If you have ever wondered, "What would Michael Gray think about this-and-that" or "I'd like to consult Michael on such-and-such" then you have definitely come to the right place. These are my thoughts on life.

April 13, 2005

Sick as a Dog...



I love hearing stories about where commonly-used idioms originated.

I remember reading about the idiom, "Don't throw the baby out with the bathwater" -- it came from Mideival times when the entire family bathed in one tub of water. Typically the father would go first and then everyone else would have a turn. By the time the youngest family members stepped up to the tub, the water was very dirty. Since babies were typically the last to bathe, people of the day warned not to mistakenly dump the baby just because you couldn't see it in the murky water.

Well, this week I had the chance to see first-hand where the phrase, "sick as a dog" comes from. My dog Bella was spayed last Thursday and was supposed to spend some of the weekend recovering. She was pretty lethargic most of Friday, but by Saturday she was making a comeback.

Unfortunately, this comeback did not last long. Bella began to have difficulty with her digestive tract (for the Michigan fans out there, she had the runs) and she quickly lost energy. By Monday afternoon, she was so sick that she could not even move her back legs. She would lay there and whimper, I would pick her up and take her outside, she would poopandpee, and I would have to carry her back in.
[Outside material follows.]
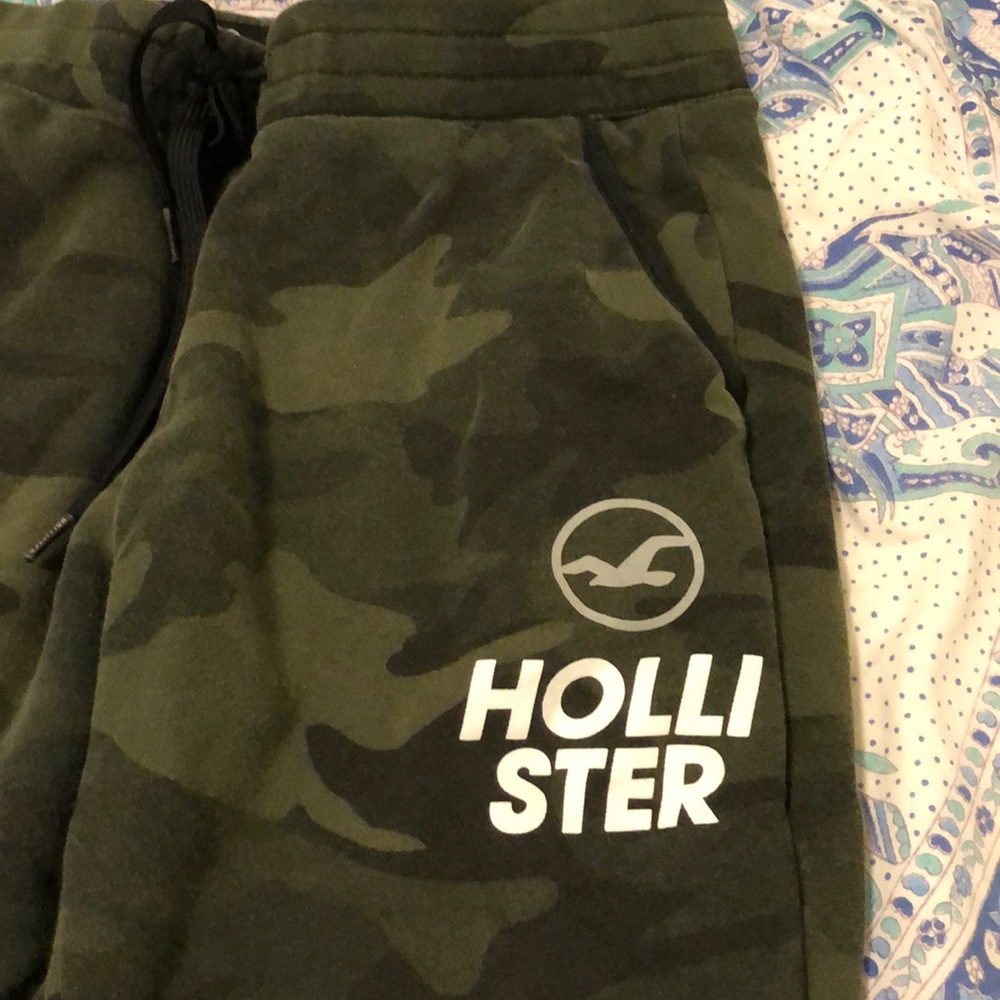 Green sweatpants - Picture 2 of 3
We were so sure that she was knocking on death's door that we took her to the emergency veterinary hospital that night.

The idiot vet there tried to get us to spend money for every test under the sun, and ended up getting about $400 out of our bank account before we were done (yes, the healthcare crisis extends even into dogdom). Basically, she got x-rays done, was given pain medication, and she was given fluid under her skin. That was an odd sight actually -- since dog skin is so loose, they inject fluids under the skin on the back. She came out looking like Quasimodo. She had a half-volleyball-sized hump on her back and a softball-sized hump on her neck. The liquid was so cool that her skin was cold to the touch. But I digress.
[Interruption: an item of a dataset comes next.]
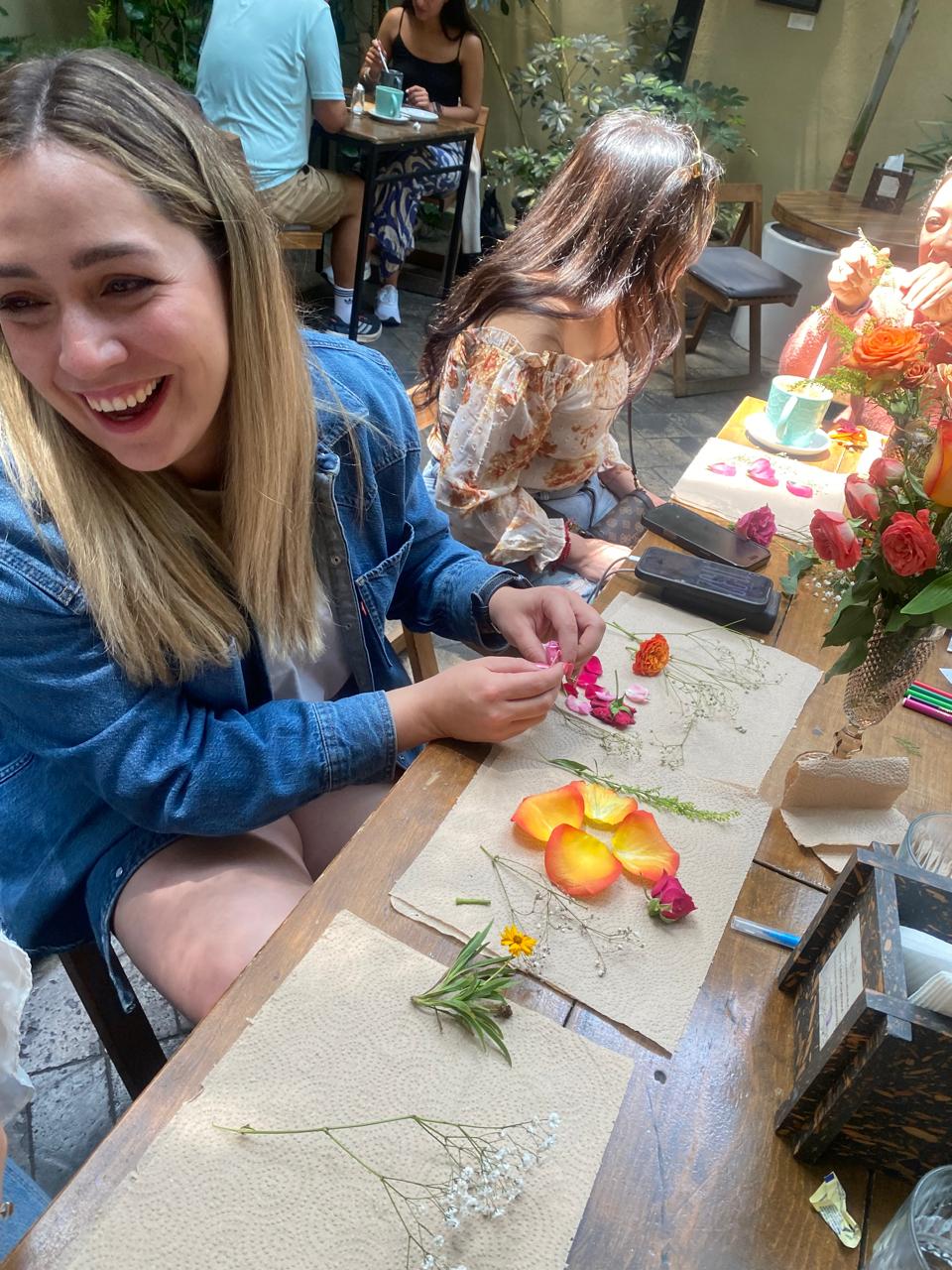 Experiencia | Taller | De temporada con flores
We took Bella home that night and she didn't improve in the least. My sister-in-law Heather came to watch her the next day and was freaked out that our typically energetic dog did nothing but lay there in pain. The only things she moved on Moday were her eyes. That afternoon, we finally carried poor parapeligic Bella in to see our real vet. I was ready to hear that we were going to have to put her to sleep.

She had gas. That's right, gas. This dog was laying around my house for days as if she were two breaths away from a horrible, grisly death -- all because she needed to let out a big kapoot. To be fair, she did have a LOT of gas in her system, so I can understand the discomfort, just not the on-death's-doorstep routine. I guess there is no middle-ground with sick dogs.

So next time you try to combine chili with buffalo wings and birthday cake, make sure you refer to your own pain by saying, "Man! I am sick as a dog!"

3 Comments:

Blogger ~Jan said...

So funny, and such witty writing! Thanks for sharing, and for your wise comment on my blog. I love teenagers, it's ther parents that do me in.

On the sick animal front, if you ever visit my blog again, you might dig into the archives for our adventures with a string-eating cat. The blog called "souvenirs" is particularly relevant. Darn cat.

3:43 PM

 
Blogger Jason M. Hammond said...

Ultimately, you say I'm sick for writing sick stories about stabbing people and stuff, or for posting stories about Wal-Mart employees with explosive diarrhea; and yet you post your own blog dealing with crap. Literally...crap. I just vomited in my mouth a little.

I hope you're happy. I feel sick as a dog right now.

HEY! YOU GOT ME!!

4:38 PM

 
Anonymous Anonymous said...

You should bottle up that doggie gas and try to sell it to the Emergency Room Vet as a "cure-all" elixir. Set the price at $400 per bottle to get your money back from him!